┌──

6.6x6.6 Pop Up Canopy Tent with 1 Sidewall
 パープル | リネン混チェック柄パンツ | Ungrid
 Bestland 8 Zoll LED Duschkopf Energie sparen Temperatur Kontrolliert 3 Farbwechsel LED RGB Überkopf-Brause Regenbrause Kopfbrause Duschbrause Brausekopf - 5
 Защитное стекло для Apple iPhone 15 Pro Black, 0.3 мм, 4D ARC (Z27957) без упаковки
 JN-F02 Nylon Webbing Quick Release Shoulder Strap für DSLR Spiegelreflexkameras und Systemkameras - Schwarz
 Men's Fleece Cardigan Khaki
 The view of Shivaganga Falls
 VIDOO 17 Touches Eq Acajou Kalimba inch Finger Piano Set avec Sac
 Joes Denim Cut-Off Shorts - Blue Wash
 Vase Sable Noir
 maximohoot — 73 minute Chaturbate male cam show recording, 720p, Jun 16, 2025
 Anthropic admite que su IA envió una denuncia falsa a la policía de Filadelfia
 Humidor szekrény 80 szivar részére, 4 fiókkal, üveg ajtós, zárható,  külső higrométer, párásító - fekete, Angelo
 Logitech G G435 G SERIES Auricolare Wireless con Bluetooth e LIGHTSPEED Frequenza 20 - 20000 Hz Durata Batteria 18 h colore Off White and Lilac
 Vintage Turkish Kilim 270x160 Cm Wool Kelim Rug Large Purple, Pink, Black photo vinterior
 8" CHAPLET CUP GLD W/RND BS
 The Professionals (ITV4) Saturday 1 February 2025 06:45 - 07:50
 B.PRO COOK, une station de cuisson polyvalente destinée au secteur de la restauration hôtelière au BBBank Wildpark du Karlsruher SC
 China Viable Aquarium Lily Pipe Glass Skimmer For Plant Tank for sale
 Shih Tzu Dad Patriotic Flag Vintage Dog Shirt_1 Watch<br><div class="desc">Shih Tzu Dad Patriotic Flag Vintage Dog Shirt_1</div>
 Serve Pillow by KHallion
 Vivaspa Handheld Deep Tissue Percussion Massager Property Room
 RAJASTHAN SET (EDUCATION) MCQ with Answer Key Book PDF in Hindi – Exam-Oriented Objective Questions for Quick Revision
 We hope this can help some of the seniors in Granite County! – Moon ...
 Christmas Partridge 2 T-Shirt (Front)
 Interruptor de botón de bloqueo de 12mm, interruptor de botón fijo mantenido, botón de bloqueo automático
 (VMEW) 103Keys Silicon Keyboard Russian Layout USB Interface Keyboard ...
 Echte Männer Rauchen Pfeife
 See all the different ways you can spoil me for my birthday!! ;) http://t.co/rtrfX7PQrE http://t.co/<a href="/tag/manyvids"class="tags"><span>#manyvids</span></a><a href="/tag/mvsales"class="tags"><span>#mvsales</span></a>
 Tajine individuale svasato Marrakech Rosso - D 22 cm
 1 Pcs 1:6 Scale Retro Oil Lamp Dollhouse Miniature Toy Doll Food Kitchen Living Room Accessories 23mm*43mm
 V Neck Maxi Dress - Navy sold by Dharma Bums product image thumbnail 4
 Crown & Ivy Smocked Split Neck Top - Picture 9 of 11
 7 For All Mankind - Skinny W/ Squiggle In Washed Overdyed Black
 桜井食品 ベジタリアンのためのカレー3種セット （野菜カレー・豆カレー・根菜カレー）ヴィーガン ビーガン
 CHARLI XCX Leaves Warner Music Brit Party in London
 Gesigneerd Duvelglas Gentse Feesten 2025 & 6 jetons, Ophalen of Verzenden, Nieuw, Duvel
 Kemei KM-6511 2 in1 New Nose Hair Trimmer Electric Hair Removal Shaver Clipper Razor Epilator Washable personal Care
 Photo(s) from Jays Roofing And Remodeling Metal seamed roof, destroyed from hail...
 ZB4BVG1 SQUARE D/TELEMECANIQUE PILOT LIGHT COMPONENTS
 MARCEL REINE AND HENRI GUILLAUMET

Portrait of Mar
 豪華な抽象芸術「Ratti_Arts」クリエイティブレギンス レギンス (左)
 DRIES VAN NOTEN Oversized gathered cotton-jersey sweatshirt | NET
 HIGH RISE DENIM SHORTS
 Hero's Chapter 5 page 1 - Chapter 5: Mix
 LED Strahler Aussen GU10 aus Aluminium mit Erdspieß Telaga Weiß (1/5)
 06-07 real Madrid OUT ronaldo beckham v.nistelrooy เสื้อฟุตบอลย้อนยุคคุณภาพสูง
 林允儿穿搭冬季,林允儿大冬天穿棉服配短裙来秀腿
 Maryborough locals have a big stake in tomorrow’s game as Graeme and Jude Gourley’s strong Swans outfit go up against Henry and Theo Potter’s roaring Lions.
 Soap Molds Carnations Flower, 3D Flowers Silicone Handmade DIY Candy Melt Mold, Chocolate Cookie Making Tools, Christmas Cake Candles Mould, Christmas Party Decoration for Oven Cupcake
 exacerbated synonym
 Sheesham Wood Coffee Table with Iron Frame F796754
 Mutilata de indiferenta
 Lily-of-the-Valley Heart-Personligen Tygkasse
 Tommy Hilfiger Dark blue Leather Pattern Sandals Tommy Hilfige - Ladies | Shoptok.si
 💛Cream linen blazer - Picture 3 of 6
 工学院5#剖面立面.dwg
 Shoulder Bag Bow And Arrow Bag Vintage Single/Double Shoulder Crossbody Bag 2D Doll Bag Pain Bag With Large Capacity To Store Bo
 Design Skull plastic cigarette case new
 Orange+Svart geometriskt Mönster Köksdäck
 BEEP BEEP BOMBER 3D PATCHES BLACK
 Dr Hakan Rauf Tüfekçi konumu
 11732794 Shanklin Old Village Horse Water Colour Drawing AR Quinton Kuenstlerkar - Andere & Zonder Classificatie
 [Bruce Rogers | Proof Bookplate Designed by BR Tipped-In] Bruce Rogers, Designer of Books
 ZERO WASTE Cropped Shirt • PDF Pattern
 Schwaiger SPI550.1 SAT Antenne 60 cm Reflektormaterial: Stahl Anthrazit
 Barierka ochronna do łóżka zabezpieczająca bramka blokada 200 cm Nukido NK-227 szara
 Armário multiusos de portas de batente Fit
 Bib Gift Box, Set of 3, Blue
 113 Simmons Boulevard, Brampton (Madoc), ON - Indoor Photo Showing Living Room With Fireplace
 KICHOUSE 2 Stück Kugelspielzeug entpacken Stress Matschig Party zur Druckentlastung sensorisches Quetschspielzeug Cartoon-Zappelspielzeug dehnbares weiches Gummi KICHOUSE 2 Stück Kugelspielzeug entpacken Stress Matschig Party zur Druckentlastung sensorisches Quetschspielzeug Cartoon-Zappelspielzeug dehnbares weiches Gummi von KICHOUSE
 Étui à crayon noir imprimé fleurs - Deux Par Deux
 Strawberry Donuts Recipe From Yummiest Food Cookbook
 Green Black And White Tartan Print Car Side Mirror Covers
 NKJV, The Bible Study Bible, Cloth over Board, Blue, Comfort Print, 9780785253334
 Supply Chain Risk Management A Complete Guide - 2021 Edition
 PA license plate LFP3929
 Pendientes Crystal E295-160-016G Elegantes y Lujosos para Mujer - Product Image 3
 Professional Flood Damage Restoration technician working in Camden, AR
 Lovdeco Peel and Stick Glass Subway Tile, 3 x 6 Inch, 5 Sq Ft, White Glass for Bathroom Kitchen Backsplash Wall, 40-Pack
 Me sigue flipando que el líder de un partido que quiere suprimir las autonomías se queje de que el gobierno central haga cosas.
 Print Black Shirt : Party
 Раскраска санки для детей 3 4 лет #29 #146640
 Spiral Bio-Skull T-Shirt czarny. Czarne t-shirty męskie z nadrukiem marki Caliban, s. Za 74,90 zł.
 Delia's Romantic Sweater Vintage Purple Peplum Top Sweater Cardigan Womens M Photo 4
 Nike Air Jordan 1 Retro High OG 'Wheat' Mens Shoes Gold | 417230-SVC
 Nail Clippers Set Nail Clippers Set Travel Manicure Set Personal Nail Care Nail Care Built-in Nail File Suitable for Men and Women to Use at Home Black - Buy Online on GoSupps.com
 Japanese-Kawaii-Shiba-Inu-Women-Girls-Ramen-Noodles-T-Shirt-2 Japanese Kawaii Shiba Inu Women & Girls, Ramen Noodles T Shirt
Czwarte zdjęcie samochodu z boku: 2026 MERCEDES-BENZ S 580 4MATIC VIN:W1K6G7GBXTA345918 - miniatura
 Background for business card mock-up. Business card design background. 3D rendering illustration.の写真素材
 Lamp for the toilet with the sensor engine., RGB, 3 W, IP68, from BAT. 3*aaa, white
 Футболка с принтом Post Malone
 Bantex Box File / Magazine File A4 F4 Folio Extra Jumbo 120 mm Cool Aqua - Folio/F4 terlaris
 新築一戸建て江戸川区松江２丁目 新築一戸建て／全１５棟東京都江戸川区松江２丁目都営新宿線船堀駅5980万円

└──

Look over the listing and return each line that holds "Lamp".

RESPONSE TO THIS EXERCISE -
 1 Pcs 1:6 Scale Retro Oil Lamp Dollhouse Miniature Toy Doll Food Kitchen Living Room Accessories 23mm*43mm
 Lamp for the toilet with the sensor engine., RGB, 3 W, IP68, from BAT. 3*aaa, white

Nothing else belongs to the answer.